╭─ AVAILABLE DATA

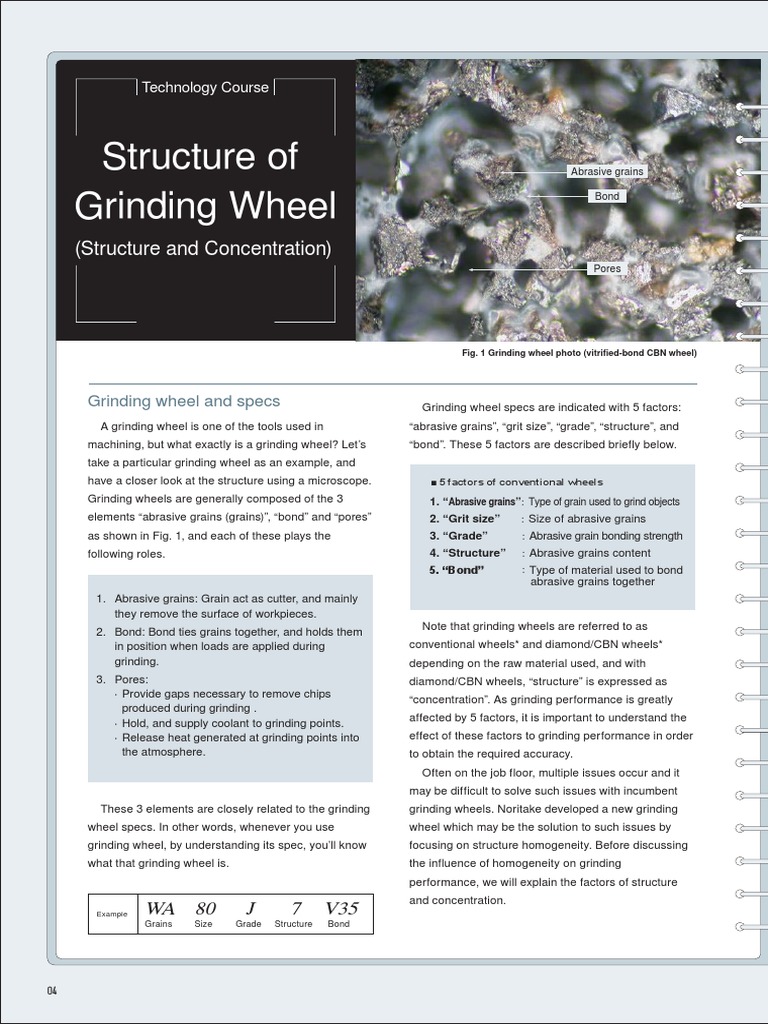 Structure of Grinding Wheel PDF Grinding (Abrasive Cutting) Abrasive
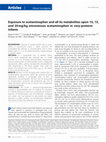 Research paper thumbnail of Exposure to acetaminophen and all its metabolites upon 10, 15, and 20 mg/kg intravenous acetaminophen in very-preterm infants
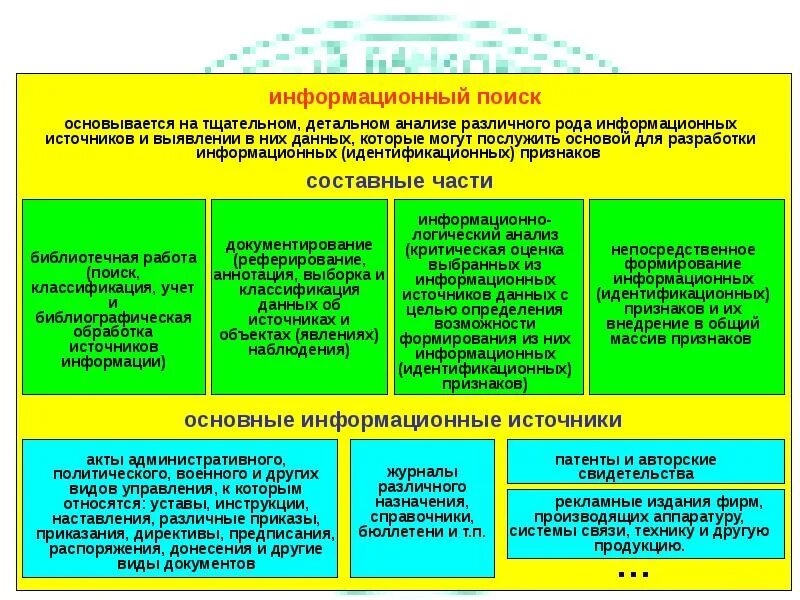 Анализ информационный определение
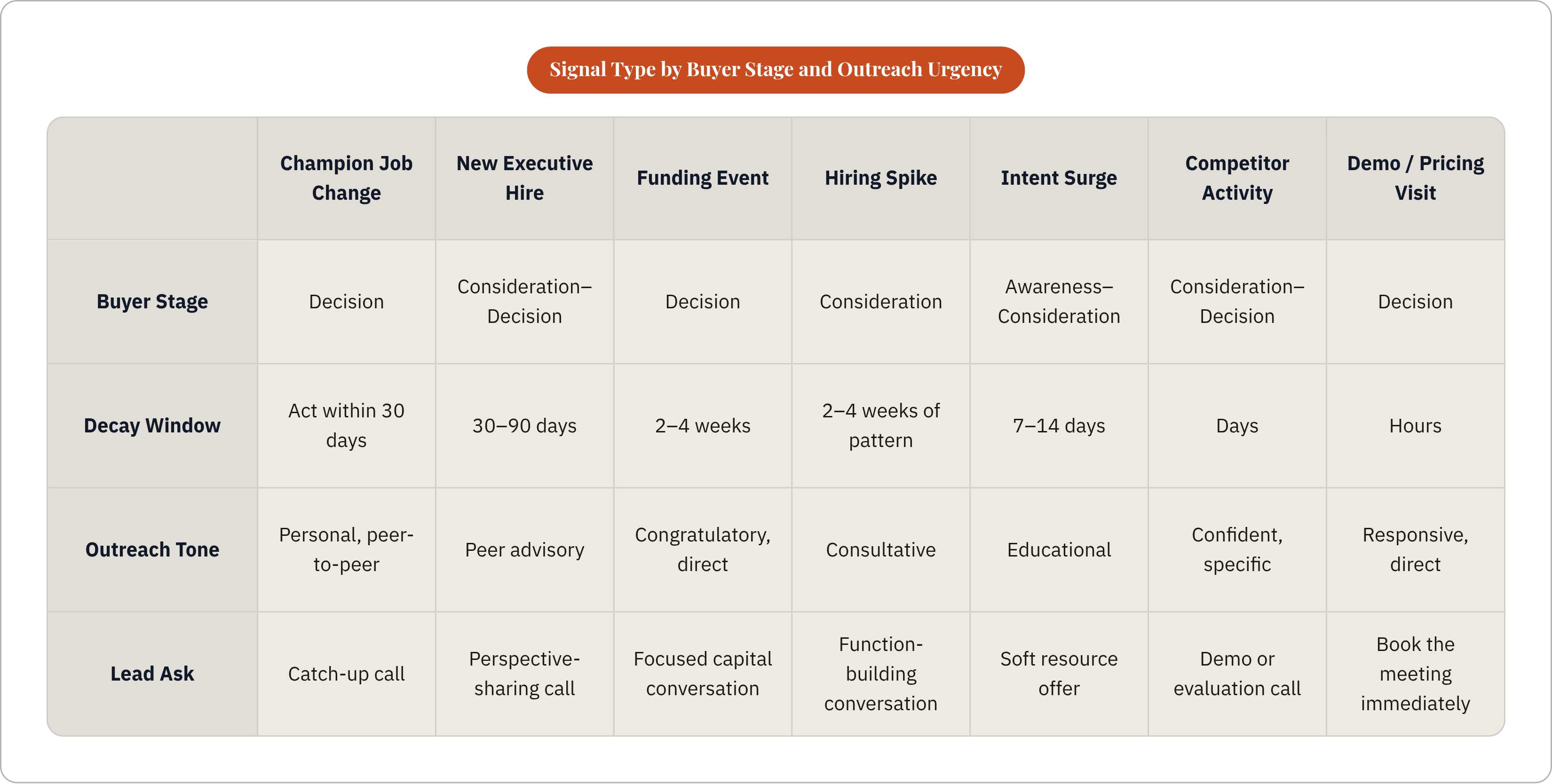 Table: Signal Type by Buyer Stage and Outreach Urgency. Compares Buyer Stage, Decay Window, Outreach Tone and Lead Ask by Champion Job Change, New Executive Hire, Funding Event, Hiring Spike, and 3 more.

╰─
╭─ AVAILABLE DATA

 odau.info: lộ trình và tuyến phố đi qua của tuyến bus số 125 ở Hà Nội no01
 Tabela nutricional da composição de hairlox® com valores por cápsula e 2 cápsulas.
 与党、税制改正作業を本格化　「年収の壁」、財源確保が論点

╰─
╭─ AVAILABLE DATA

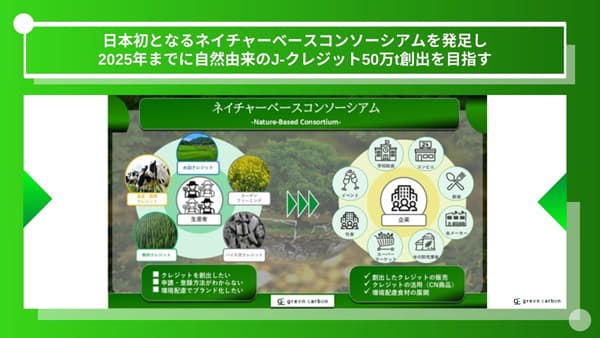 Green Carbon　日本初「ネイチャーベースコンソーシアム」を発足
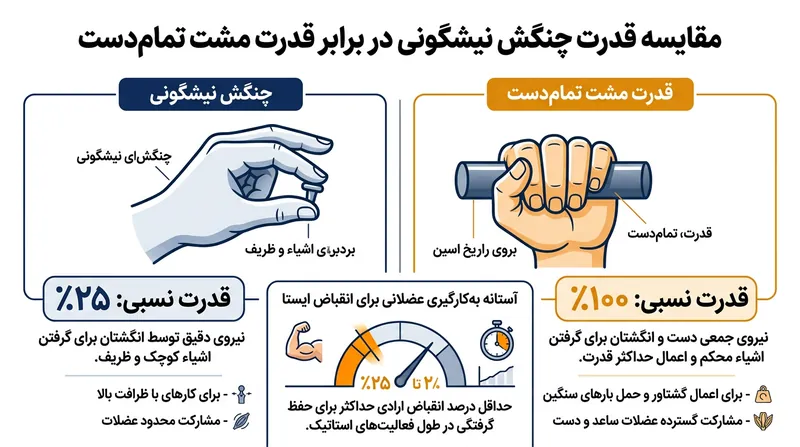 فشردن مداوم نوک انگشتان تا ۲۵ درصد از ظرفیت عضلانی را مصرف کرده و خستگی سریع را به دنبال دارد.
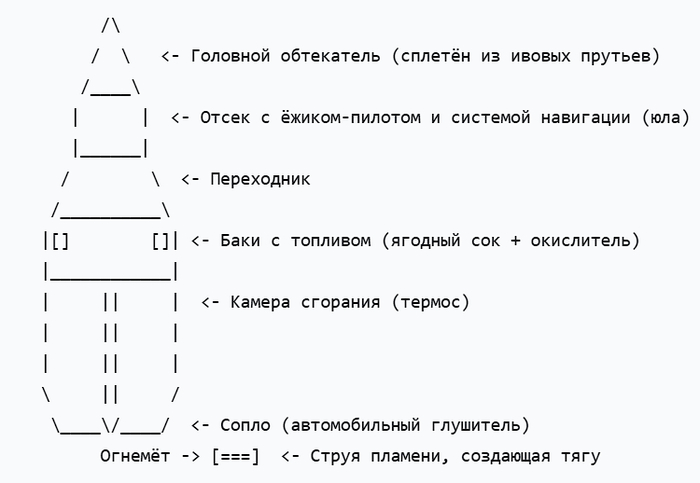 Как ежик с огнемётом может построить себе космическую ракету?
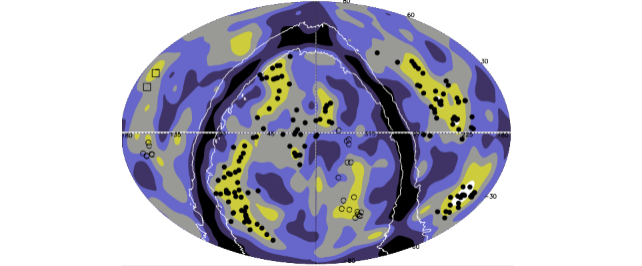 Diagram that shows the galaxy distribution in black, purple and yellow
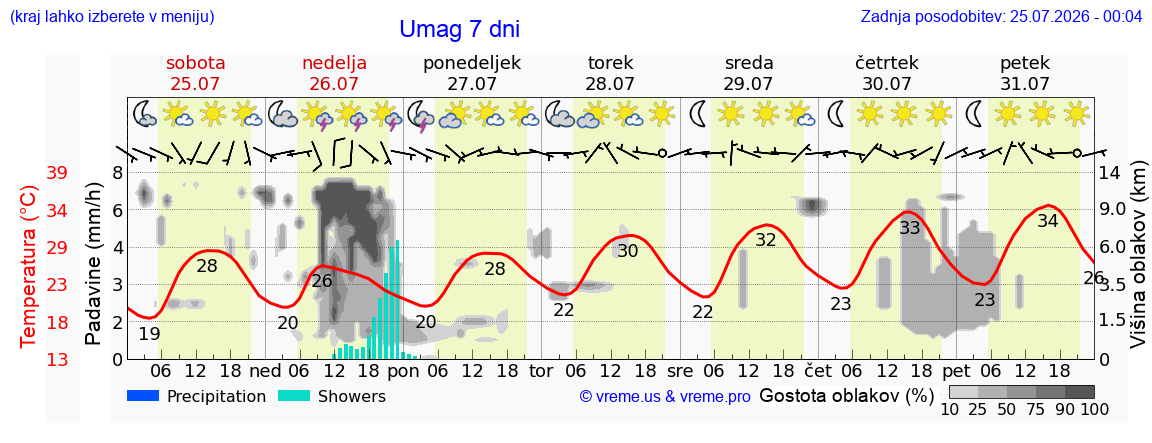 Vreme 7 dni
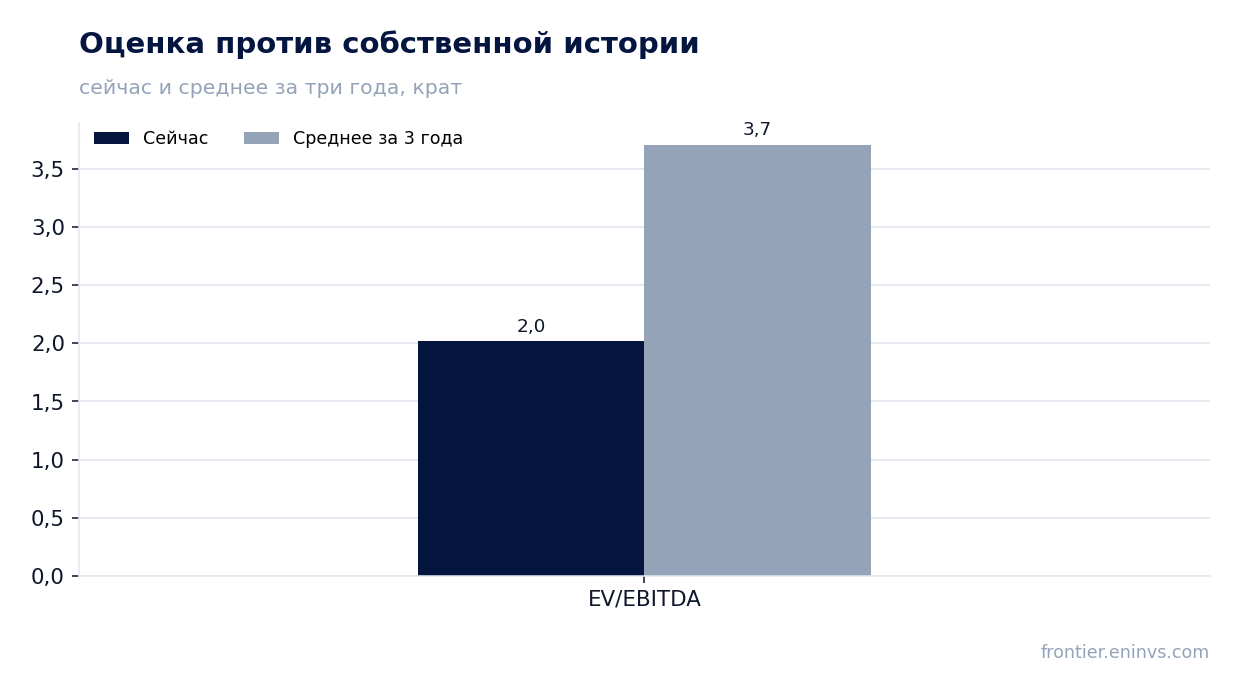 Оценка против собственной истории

╰─

TO DO ▸
The data above holds the lines to copy: start at the one with "Green Carbon　日本初「ネイチャーベースコンソーシアム」を発足", stop at the one with "Оценка против собственной истории", include both, copy them exactly without pictures, and copy nothing else.

EXERCISE RESULT ▸
 Green Carbon　日本初「ネイチャーベースコンソーシアム」を発足
 فشردن مداوم نوک انگشتان تا ۲۵ درصد از ظرفیت عضلانی را مصرف کرده و خستگی سریع را به دنبال دارد.
 Как ежик с огнемётом может построить себе космическую ракету?
 Diagram that shows the galaxy distribution in black, purple and yellow
 Vreme 7 dni
 Оценка против собственной истории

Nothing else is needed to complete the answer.